Effect of FTY-720 on Pulmonary Fibrosis in Mice via the TGF-β1 Signaling Pathway and Autophagy

We investigated whether FTY-720 might have an effect on bleomycin-induced pulmonary fibrosis through inhibiting TGF-β1 pathway, and up-regulating autophagy. The pulmonary fibrosis was induced by bleomycin. FTY-720 (1 mg/kg) drug was intraperitoneally injected into mice. Histological changes and inflammatory factors were observed, and EMT and autophagy protein markers were studied by immunohistochemistry and immunofluorescence. The effects of bleomycin on MLE-12 cells were detected by MTT assay and flow cytometry, and the related molecular mechanisms were studied by Western Blot. FTY-720 considerably attenuated bleomycin-induced disorganization of alveolar tissue, extracellular collagen deposition, and α-SMA and E-cadherin levels in mice. The levels of IL-1β, TNF-α, and IL-6 cytokines were attenuated in bronchoalveolar lavage fluid, as well as protein content and leukocyte count. COL1A1 and MMP9 protein expressions in lung tissue were significantly reduced. Additionally, FTY- 720 treatment effectively inhibited the expressions of key proteins in TGF-β1/TAK1/P38MAPK pathway and regulated autophagy proteins. Similar results were additionally found in cellular assays with mouse alveolar epithelial cells. Our study provides proof for a new mechanism for FTY-720 to suppress pulmonary fibrosis. FTY-720 is also a target for treating pulmonary fibrosis.

 

Comments：

Based on the results of the study, it appears that FTY-720 has a significant effect on bleomycin-induced pulmonary fibrosis. The drug was found to inhibit the TGF-β1 pathway and up-regulate autophagy, resulting in attenuation of disorganization of alveolar tissue, extracellular collagen deposition, and α-SMA and E-cadherin levels in mice.

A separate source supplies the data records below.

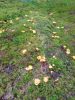 IMG-20200824-WA0001.jpg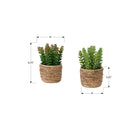 Monarch Specialties 9367 7" Tall Artificial Succulents - Brown Cement Pots - Set of 2-Backed by a 5-year limited warranty, these artificial plants are designed for lasting confidence and durability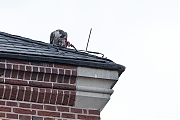 Filename=Slechtvalk-20191124g1280YSXX6216a.jpg
Filesize=555KiB
Dimensions=1280x960
Date added=Nov 25, 2019 Slechtvalk-20191124g1280YSXX6216a.jpg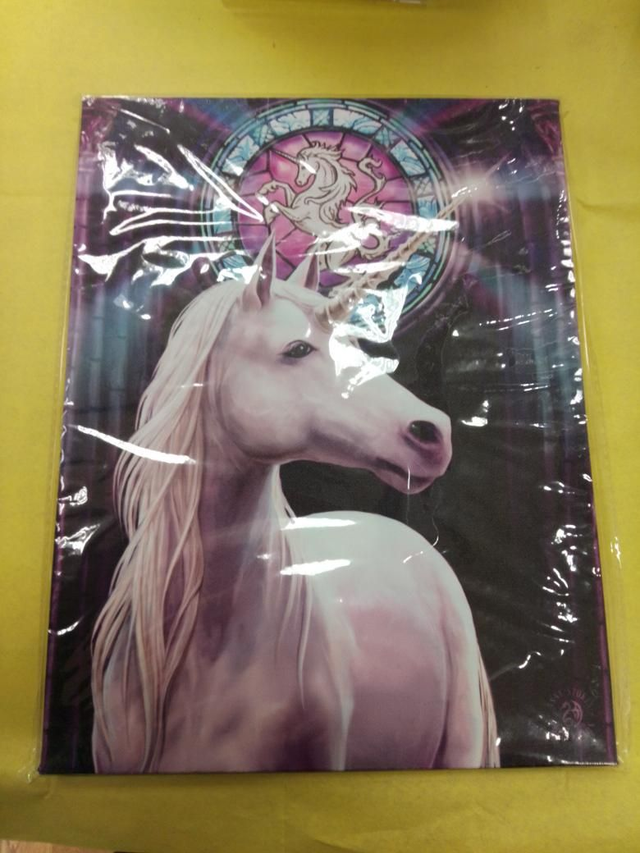 Unicorn Enlightenment Hanging Canvas Print 
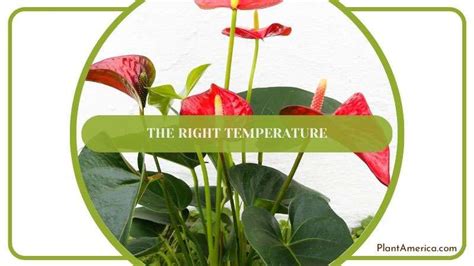 How Long Do Anthurium Flowers Last: Exploring the Lifespan and Beyond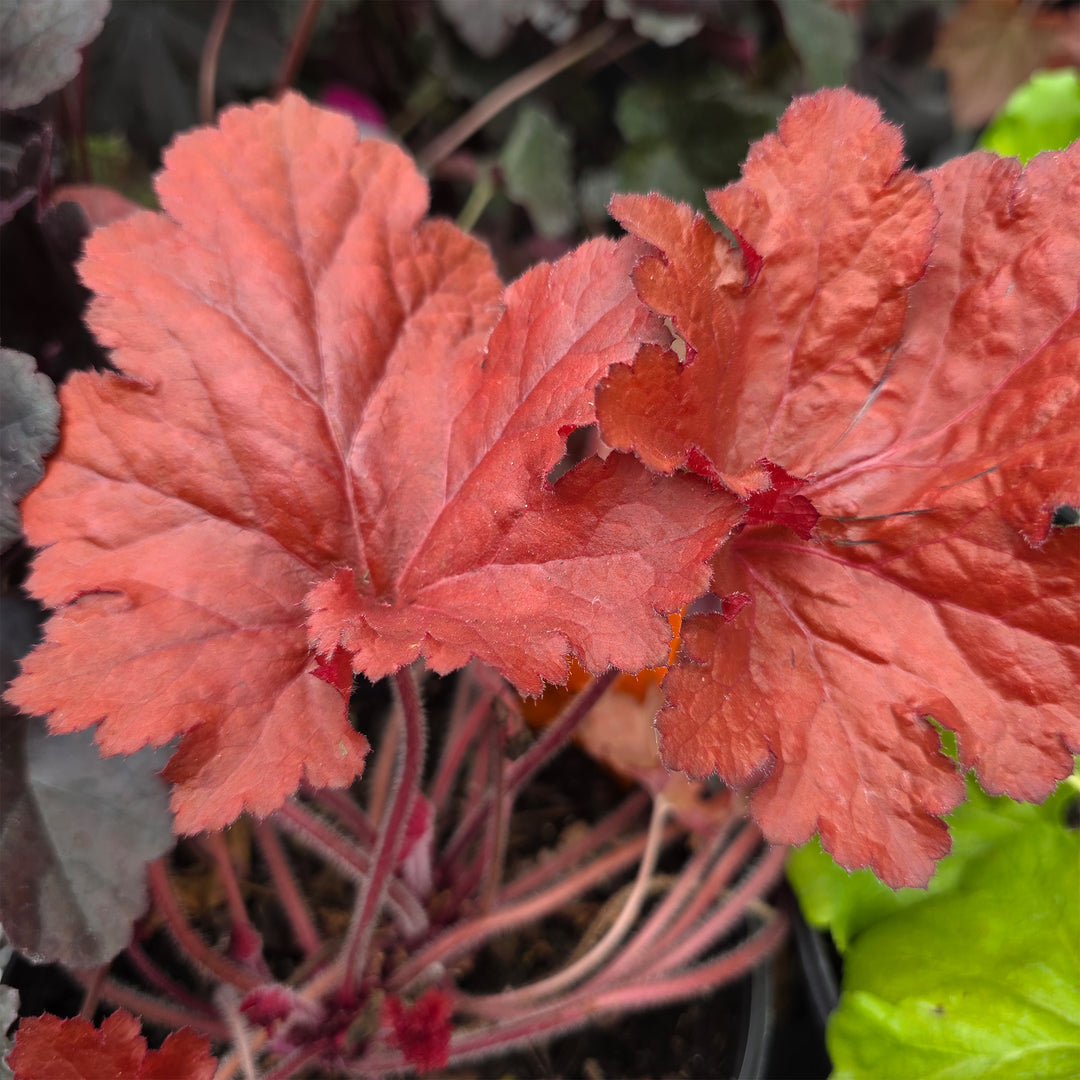 Forever Red Coral Bells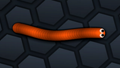Snake Skin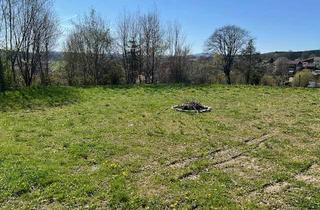 Grundstück zu kaufen in 94269 Rinchnach, Baugrundstück mit Fernblick in Rinchnach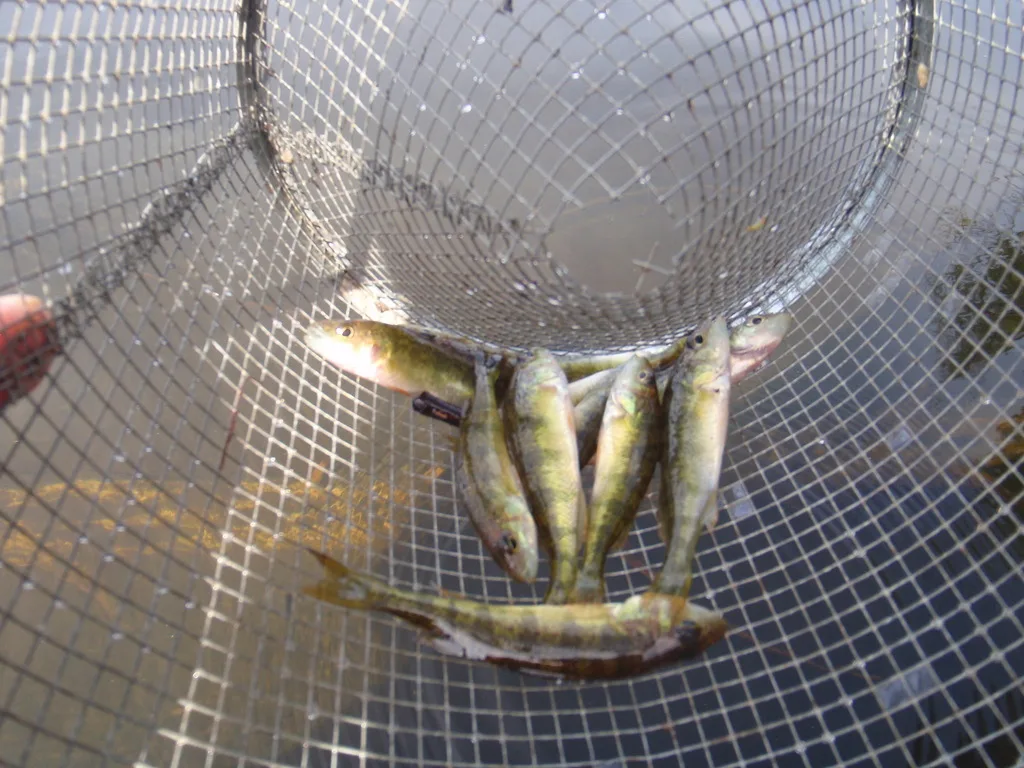 Yellow perch — Knox Lake, Aug 22, 2012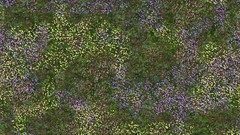 Green grass meadows Textures
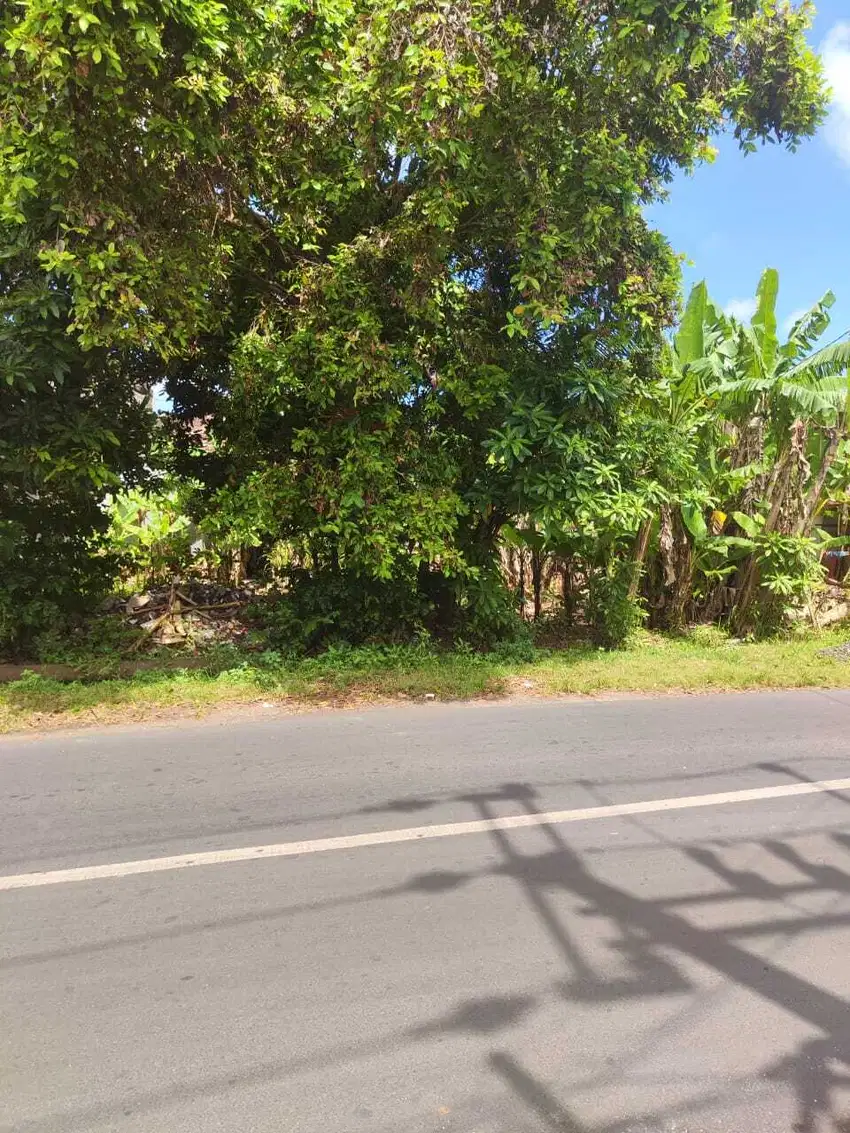 Tanah ungasan kuta selatan Balicliff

Moreover, FTY-720 treatment reduced the levels of IL-1β, TNF-α, and IL-6 cytokines in bronchoalveolar lavage fluid, as well as protein content and leukocyte count. COL1A1 and MMP9 protein expressions in lung tissue were also significantly reduced. In addition, the drug effectively inhibited the expressions of key proteins in the TGF-β1/TAK1/P38MAPK pathway and regulated autophagy proteins.

These results suggest that FTY-720 is a potential target for treating pulmonary fibrosis and may provide a new mechanism for suppressing this disease. The study was conducted using both in vivo and in vitro assays, providing further evidence of the drug's efficacy in treating pulmonary fibrosis.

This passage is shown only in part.